Nouvelle-Calédonie : après le référendum07/11/20182018Journal/medias/journalnumero/images/2018/11/2623.jpg.445x577_q85_box-0%2C104%2C1383%2C1896_crop_detail.jpg

Dans le monde

Nouvelle-Calédonie : après le référendum

Dimanche 4 novembre, les électeurs de Nouvelle-Calédonie ont voté à 56,4 % contre l’indépendance. On pouvait s’attendre à ce résultat, préparé de longue date par les gouvernements français préoccupés de conserver une base dans l’océan Pacifique.

Pierre Messmer, Premier ministre en 1972, appelait alors cette politique une « opération de peuplement outre-mer » qui consistait à faire émigrer des familles de France vers ces îles du Pacifique. Pierre Messmer la justifiait par ces mots : « À long terme, la revendication nationaliste autochtone ne sera évitée que si les communautés non originaires du Pacifique représentent une masse démographique majoritaire. Il va de soi qu’on n’obtiendra aucun effet démographique à long terme sans immigration systématique de femmes et d’enfants. » Le peuplement fut mis en œuvre sous Giscard d’Estaing, élu président en 1974, au point qu’aujourd’hui, les Kanaks représentent 39 % de la population des îles.
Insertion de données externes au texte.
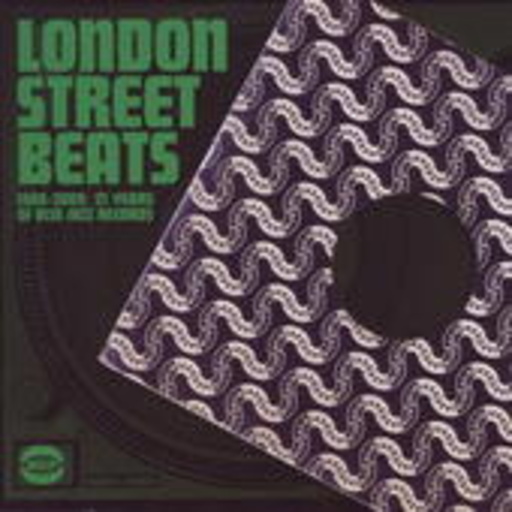 Diverse – London Street Beats - 21 Years Of Acid Jazz Records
Le référendum du 4 novembre visait donc à légitimer par le suffrage la présence de l’impérialisme français en Nouvelle-Calédonie. Les dirigeants français diront aujourd’hui que, les Calédoniens ayant voté majoritairement pour rester au sein de l’État français, il n’y a plus lieu de parler de colonialisme. Macron qui, au passage, essaye de faire remonter sa cote de popularité, a pu ainsi dire après les résultats qu’il était fier « que la majorité des Calédoniens aient choisi la France ». Les Kanaks n’auraient plus qu’à accepter ce que l’État français et les Caldoches voudront bien leur laisser. Mais la propagande déployée depuis des mois sur le « vivre ensemble », assortie de l’envoi de renforts de gendarmerie importants à la veille du référendum, montrent combien les pouvoirs continuent de craindre la révolte kanake.

L’impérialisme français a aussi tiré profit de l’attitude des partis nationalistes kanaks, qui d’ailleurs assuraient ne pas vouloir d’une rupture avec la France. La négociation sur l’établissement des listes électorales a eu beau restreindre le corps électoral pour le référendum aux habitants présents dans les îles avant 1994, il était évident que les Kanaks restaient minoritaires et que le résultat serait défavorable à l’indépendance.

Malgré cela, les principaux partis nationalistes ont signé le protocole d’accord préélectoral et ainsi légitimé d’avance le résultat. En fait, l’enjeu pour eux n’était pas l’indépendance mais de faire le meilleur résultat possible pour renégocier avec l’État français leurs positions face à la droite calédonienne. De ce côté-là, ils pourront utiliser le 43,6 % du oui à l’indépendance, bien supérieur à ce que les prévisions donnaient. Et c’est sans aucun doute ce qu’ils auront fait valoir à Édouard Philippe en visite le 5 novembre.

Ces 43,6 % sont le fruit de la large mobilisation des Kanaks qui ont exprimé sur la question de l’indépendance combien ils se sentent toujours opprimés, spoliés, méprisés dans la Nouvelle-Calédonie colonisée. Un journaliste du Monde a rapporté cette réflexion de jeunes Kanaks des bidonvilles de Nouméa : « Le destin commun [avec la France], c’est pour ceux qui ont du fric... Mais pour nous, les sans-rien, ce sera toujours pareil. Nous sommes des citoyens non considérés… Le pays, c’est un poulpe. Au milieu, il y a la tête du poulpe et, tout autour, il y a les tentacules des politiciens qui s’emparent de tout. Mais pour nous, les pauvres, il n’y a plus rien. »

Le résultat du référendum ne peut cacher que la réalité de la Nouvelle-Calédonie reste une réalité coloniale, même si l’impérialisme français s’est débrouillé pour faire que ceux qui se sentent colonisés, essentiellement les Kanaks, soient minoritaires dans le corps électoral, tandis que la majorité de celui-ci voyait dans l’État français une protection.

Pour la population pauvre de Nouvelle-Calédonie, kanake mais aussi en partie caldoche, la question de l’indépendance reste posée. Mais c’est aussi la question de savoir si l’avenir de cette population du Pacifique doit continuer à dépendre d’un pouvoir situé à 20 000 kilomètres et surtout soucieux de garder la main sur la richesse minérale et sur la zone économique qui l’entoure. Pour sortir de la situation coloniale, pour imposer leurs exigences vitales, les pauvres de Nouvelle-Calédonie devront trouver l’alliance des travailleurs et des peuples de la région, de l’Indonésie aux Philippines et au Vietnam, et pourquoi pas à la Chine.